There’s a new headache in town. If you run self-hosted Azure DevOps agent, or .NET Core project, on a Mac running Catalina (v 10.15+) and Microsoft Edge, you will have noticed a new behavior where the OS prevents the .NET assembly from working.
This is because it has been marked with a “quarantine” file attribute when it was downloaded with the browser. It’s a security measure that I’m familiar with on Windows. I would typically remove this attribute by right clicking on the file, select “Properties”, then check “Unblock”:
At this point, I suspected I had a good idea of what was happening, I just needed to figure out how to check for and remove it on a Mac. I reached out to the dev community on twitter and asked around. Thanks to Eric Lawrence who pointed me to the Chromium code change that shows it is indeed quarantining the file(s).

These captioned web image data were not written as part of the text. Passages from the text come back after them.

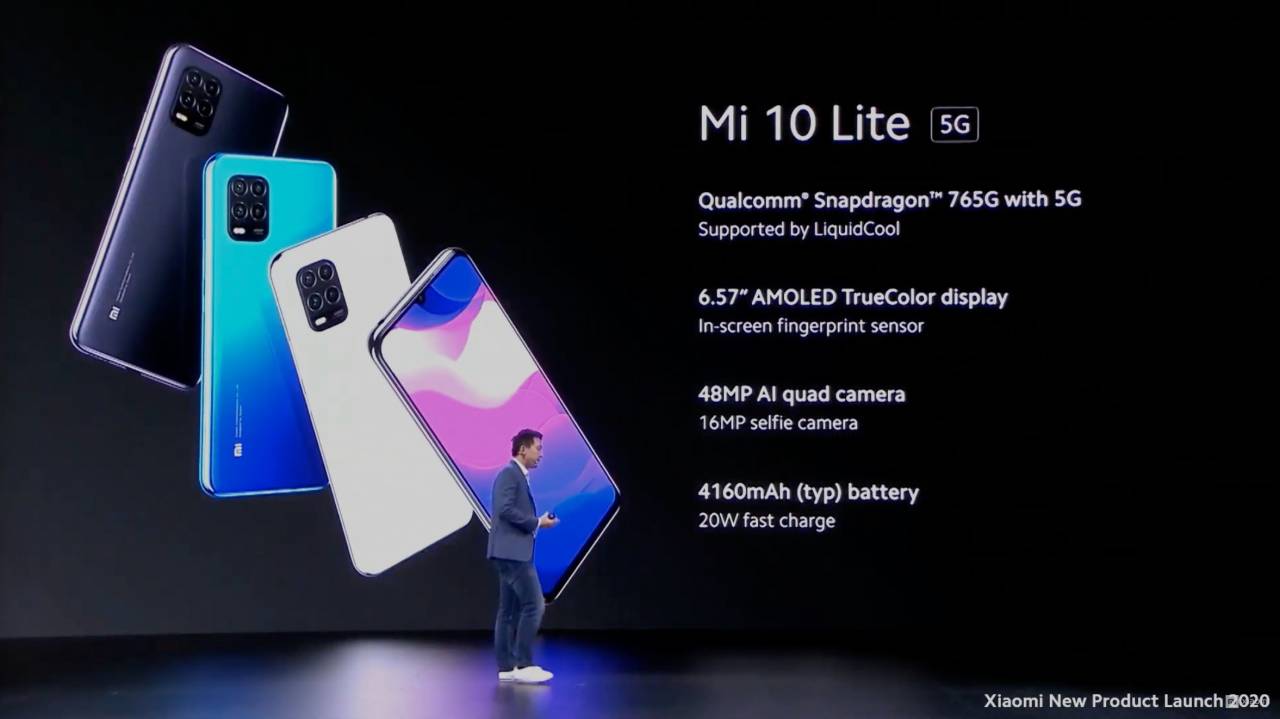 Xiaomi Mi 10 Lite 5G revealed with Mi 10 and Mi 10 Pro release ...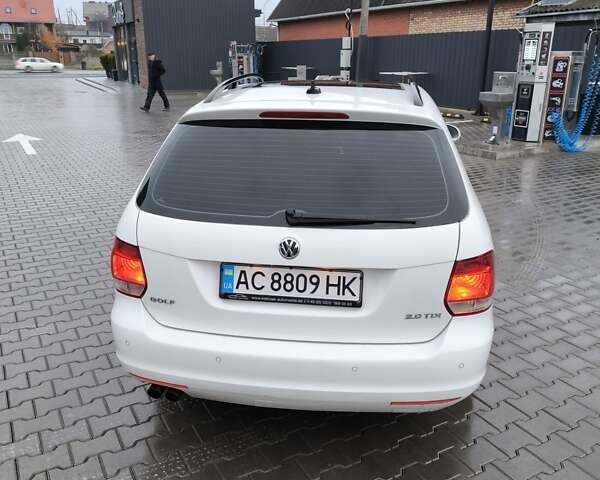 Белый Фольксваген Гольф, объемом двигателя 1.97 л и пробегом 320 тыс. км за 9000 $, фото 5 на Automoto.ua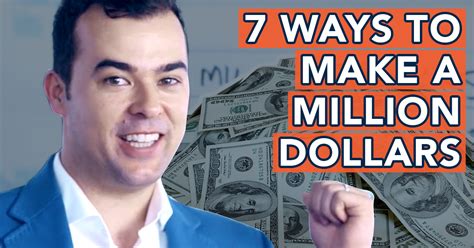 Surefire Ways You Can Make Million Dollars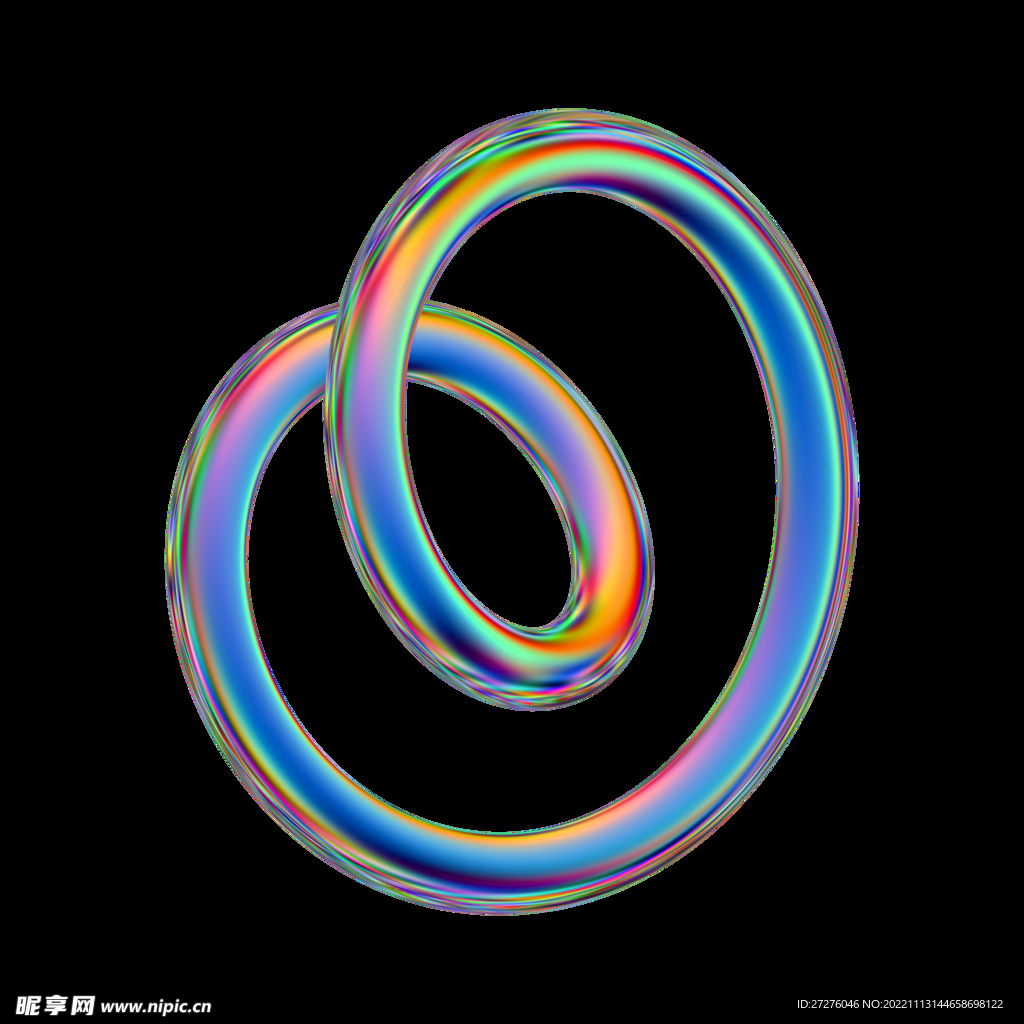 未来科幻金属全息镭射立体素材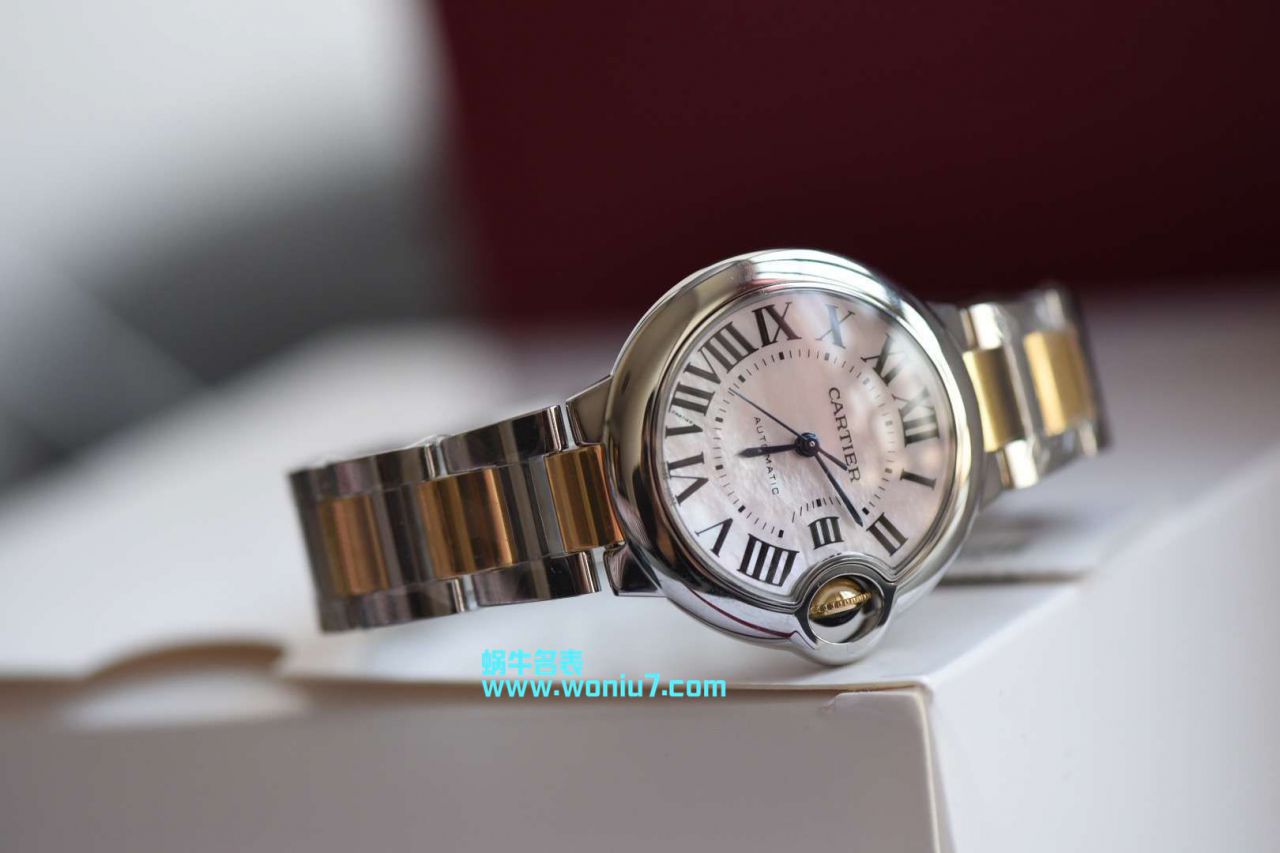 V6 Factory ～ top 蓝气球鼻祖 Factory 女装33毫米机械 wrist watch  / K170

After reviewing how to read and remove file attributes, indeed I found a com.apple.quarantine attribute on the tarball archive file that is downloaded from Azure DevOps. Since it contains all the .NET assemblies, we can just unblock the tar.gz file and all contents will unblock as well.
Solution
Let’s go back to Azure DevOps Agent Pool page, where you download your agent package (see here if you’ve never done this before).
Now that the file is in the downloads folder, we can use the xattr
command to list the attributes. In my case, I’m checking the downloaded compressed file.
xattr vsts-agent-oxs-x64-2.159.2.tar.gz
Bingo! Notice the com.apple.quarantine attribute? That’s the one causing this headache. Now we can see the attribute name, we can remove it by calling the the xattr
command again with -d attributeName fileName
parameters .
xattr -d com.apple.quarantine vsts-agent-oxs-x64-2.159.2.tar.gz
Finally list the attributes again to confirm the quarantine has been removed:
Now you can finish extracting the tarball and setting up the agent (or running your .NET core application).